Please note that the following document, although believed to be correct at the time of issue, may not represent the current position of the CRA.
Prenez note que ce document, bien qu'exact au moment émis, peut ne pas représenter la position actuelle de l'ARC.
Principal Issues: Does paragraph 107(2)(a) change the timing of the disposition for the purposes of section 116?
Position: No
Reasons: The deeming rule in paragraph 107(2)(a) only determines the proceeds of disposition of the property to the non-resident trust. It does not actually create a separate disposition apart from, or change the timing of, the actual disposition by the non-resident trust to the beneficiary.
January 23, 2013
Compliance Programs Branch HEADQUARTERS
Specialty Audit Division IT Rulings Directorate
112 Kent Street, 19th Floor, Tower B Henry Leung
Ottawa, ON K1A 0L5 (613) 957-2129
Attention: Mr. Claudio DiRienzo
2012-046508
Section 116 Certificate of Compliance Request and Distribution of real property from a Non-Resident Trust
This is in response to your e-mail of October 9, 2012 regarding paragraph 107(2)(a) of the Income Tax Act (Act).
Facts
Your enquiry relates to the following facts:
A personal trust resident in XXXXXXXXXX made a distribution of real property that is situated in Canada (consisting of XXXXXXXXXX) to a corporate beneficiary resident in XXXXXXXXXX. It is assumed that the trust held no other property. This distribution took place in XXXXXXXXXX.
It is assumed that the distribution of the property from the trust results in a disposition of all of the beneficiary's capital interest in the trust.
Under subsection 107(2), such property is distributed to the beneficiary on a roll-over basis.
Subsection 107(2) states:
(2) Distribution by personal trust Subject to subsections (2.001), (2.002) and (4) and (5), if at any time a property of a personal trust or a prescribed trust is distributed (otherwise than as a SIFT trust wind-up event) by the trust to a taxpayer who was a beneficiary under the trust and there is a resulting disposition of all or any part of the taxpayer's capital interest in the trust,
(a) the trust shall be deemed to have disposed of the property for proceeds of disposition equal to its cost amount to the trust immediately before that time;
(b) subject to subsection (2.2), the taxpayer is deemed to have acquired the property at a cost equal to the total of its cost amount to the trust immediately before that time and the specified percentage of the amount, if any by which
You request our views on whether paragraph 107(2)(a) deems a disposition of the property to occur immediately before the actual distribution from the non-resident trust to the beneficiary.

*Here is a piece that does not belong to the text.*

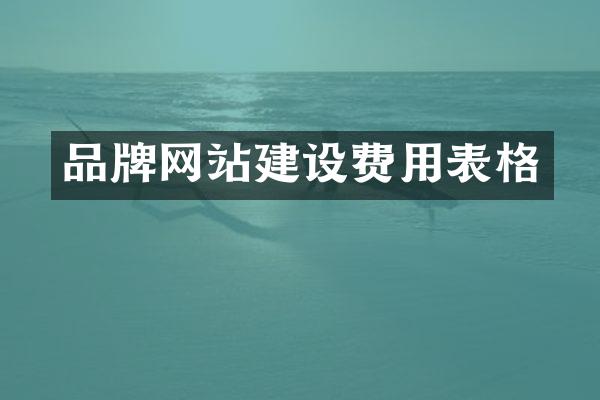 品牌网站建设费用表格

An interpretation that has been suggested is that a deemed disposition under paragraph 107(2)(a) takes place before the actual distribution of the property by the trust and the subsequent disposition of the capital interest in the trust by the beneficiary. Under such a deemed disposition, there would be no change in the beneficial ownership of the property as the trustee would still maintain beneficial ownership of the property for all intents and purposes "before that time", as the phrase is used in paragraph 107(2)(a) of the Act. Accordingly, subparagraph (i) of paragraph (f) of the definition of "disposition" would be met and the deemed disposition under paragraph 107(2)(a) would not fall within the notification requirements of section 116.
In our view, paragraph 107(2)(a) does not change the timing of the disposition of the real property by the non-resident trust to the beneficiary.
The phrase "immediately before that time" as used in paragraph 107(2)(a) of the Act, qualifies only the words "... its cost amount to the trust..." for the purposes of determining the proceeds of disposition. It is our position that paragraph 107(2)(a) does not deem a disposition of property to occur by the non-resident trust to the beneficiary prior to the actual disposition time. Such an interpretation would be consistent with our interpretation of other rollover provisions such as subsection 85.1(1) and subparagraph 88(1)(a)(iii).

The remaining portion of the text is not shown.